- What is being asked -
Exactly the lines below, starting with the one containing "Beautiful_Aria font family download free" and going on through the one containing "stacy spangler art", must be reproduced, both ends included, and no pictures with them.
Top of Recorded information
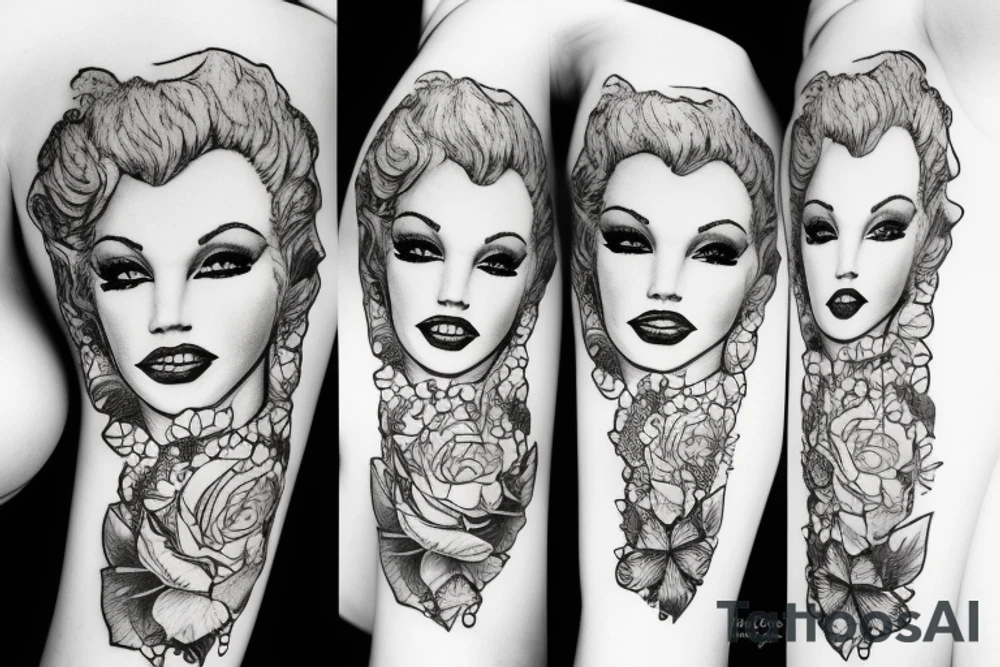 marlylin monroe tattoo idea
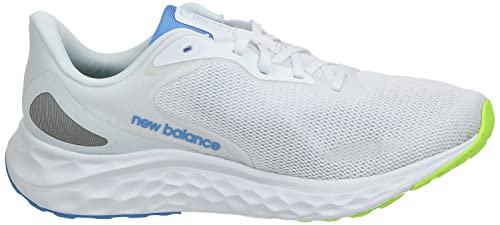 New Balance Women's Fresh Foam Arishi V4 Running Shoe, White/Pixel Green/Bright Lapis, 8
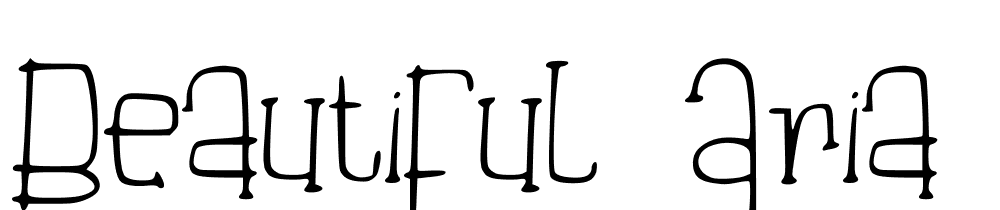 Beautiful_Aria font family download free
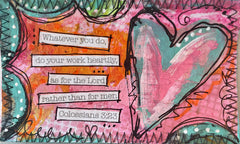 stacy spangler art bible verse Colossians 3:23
Bottom of Recorded information
Top of Recorded information
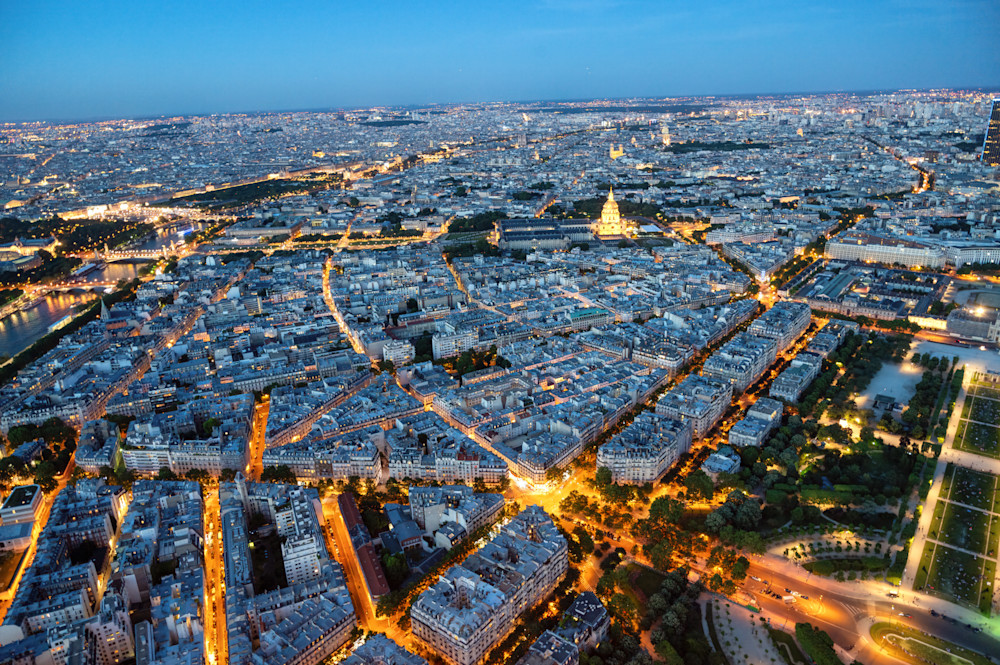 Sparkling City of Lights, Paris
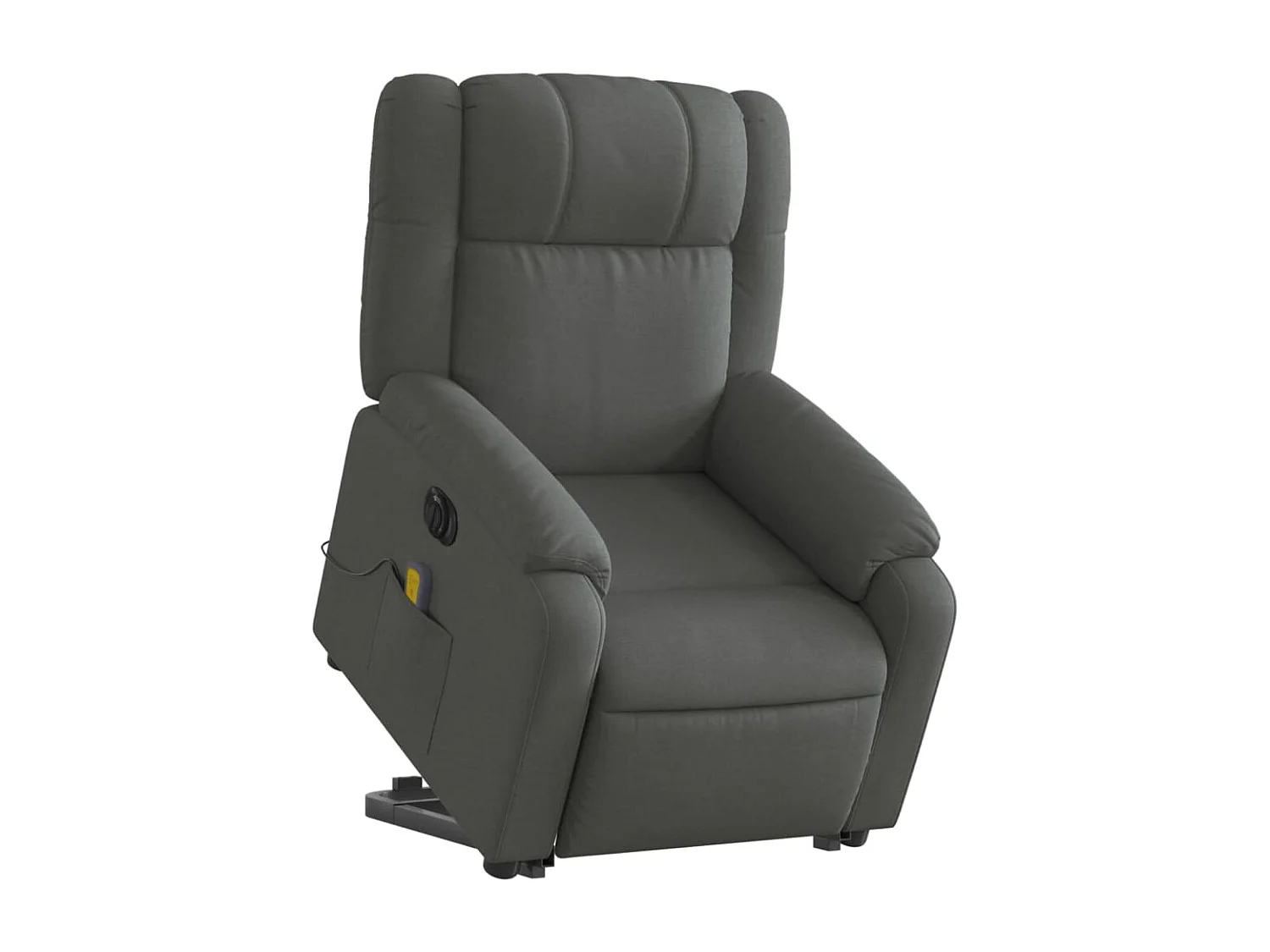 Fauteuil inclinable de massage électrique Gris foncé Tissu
Bottom of Recorded information
- Output for this task -
 Beautiful_Aria font family download free
 stacy spangler art bible verse Colossians 3:23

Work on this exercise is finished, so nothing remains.